Это случилось на Монмартре, в туристическом «Бал дю данс», в пасмурный день, когда колокол Савояр на башне Сакре-Кёр звонил «Ангелюс»[139]
. Мне нравилась эта церковь. Казалось, ее перенесли откуда-то издалека, с Востока. Обычная толпа посетителей рассосалась. Эстрада опустела, стулья сдвинули, бар закрыли, и все-таки в помещении еще воняло дешевыми духами и молодым вином. Я вошел внутрь. Дверь за мной запер человек, с которым я согласился встретиться. Он тоже оказался украинцем, но из Марселя – он жил там с 1913 года. На мсье Свирском были яркий костюм в тонкую полоску и белая фетровая шляпа. Его руки были увешаны тяжелыми золотыми кольцами с грубо ограненными полудрагоценными камнями, главным образом темнокрасными. Он сказал, что работает брокером на серьезных южных промышленников, имеющих отделения в Париже. Он был лет на десять старше меня, но кожа на его лице казалась дряблой, как у ищейки, – словно что-то сушило его изнутри. Из-за этого Свирский выглядел печальным. Но его глаза напоминали твердые коричневые камни. Он расспросил меня об изобретении, которое я хотел продать. Он меня выслушал, и глаза его сверкнули, лицо сморщилось, губы искривились, как будто он считал себя обязанным проявить глубокомысленный интерес к моему отчету. Этот странный, нервный маленький субъект немедленно расслабился, когда я сказал, что добавить мне нечего.

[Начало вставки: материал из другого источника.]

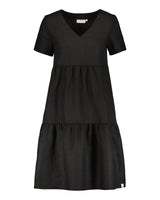 Pellava Kerrosmekko, Black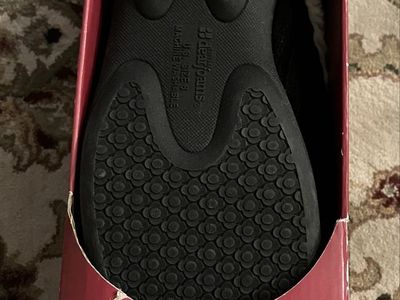 Dearfoams WC411 Women's Black Multi-Density Cushioning Slippers, Size 8 - New in Box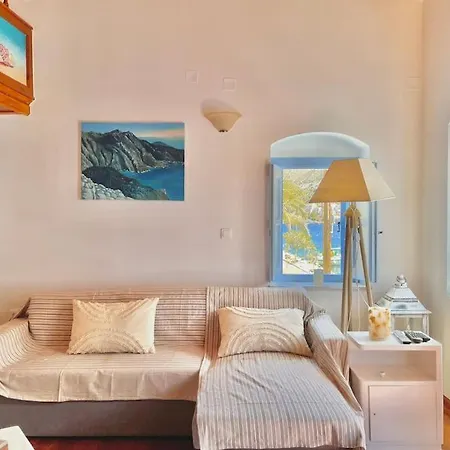 Nikolakis, Seafront- Harbor View דירה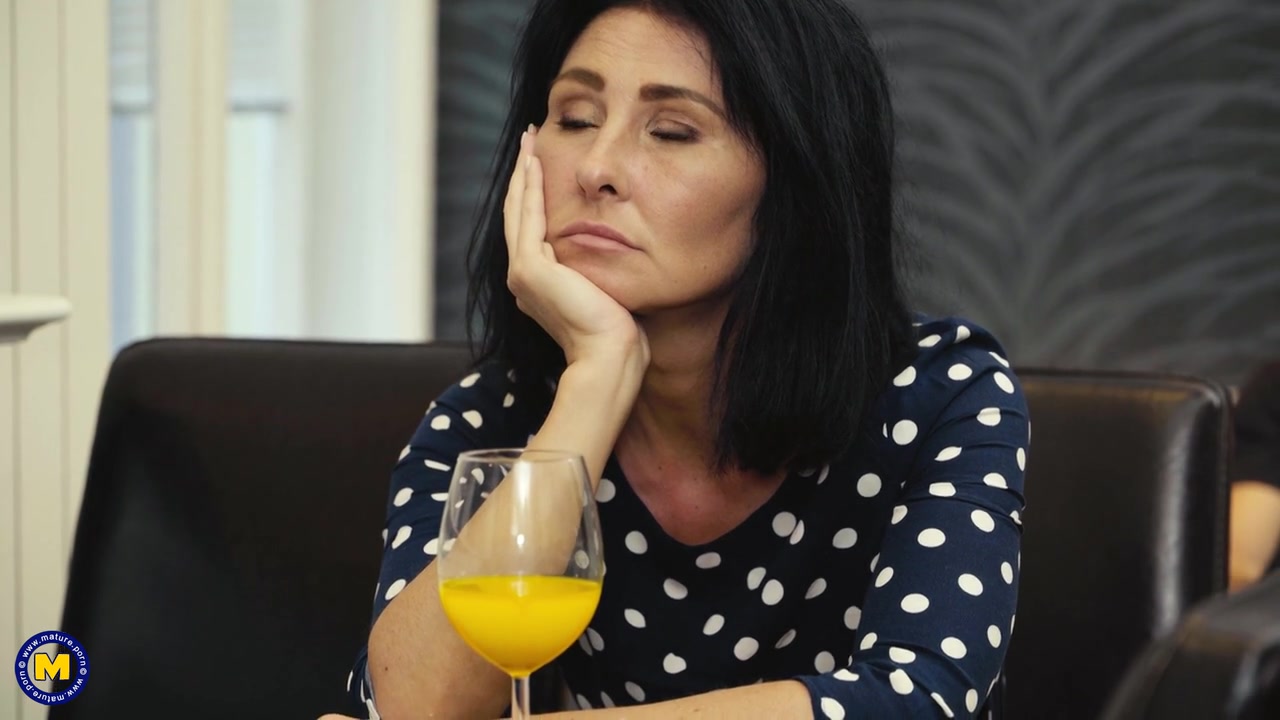 Hot Milf Has A Sexdate With A Toyboy - MatureNl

Тогда он озабоченно посмотрел в сторону бара. Свирский явно чувствовал неловкость – возможно, он хотел вести себя правильно, но не вполне понимал, чего от него ожидают. Он напоминал мне кое-как выдрессированного спаниеля. И все же в бумажнике у него лежали деньги вместе с листком бумаги, который мне следовало подписать: контракт на бланке марсельской проектной фирмы. Там упоминались лицензионные выплаты, которые я должен получить, когда мой тормоз безопасности начнет приносить доход. (Это устройство присоединялось к акселератору автомобиля. Оно автоматически срабатывало, когда водитель полностью отпускал педаль.)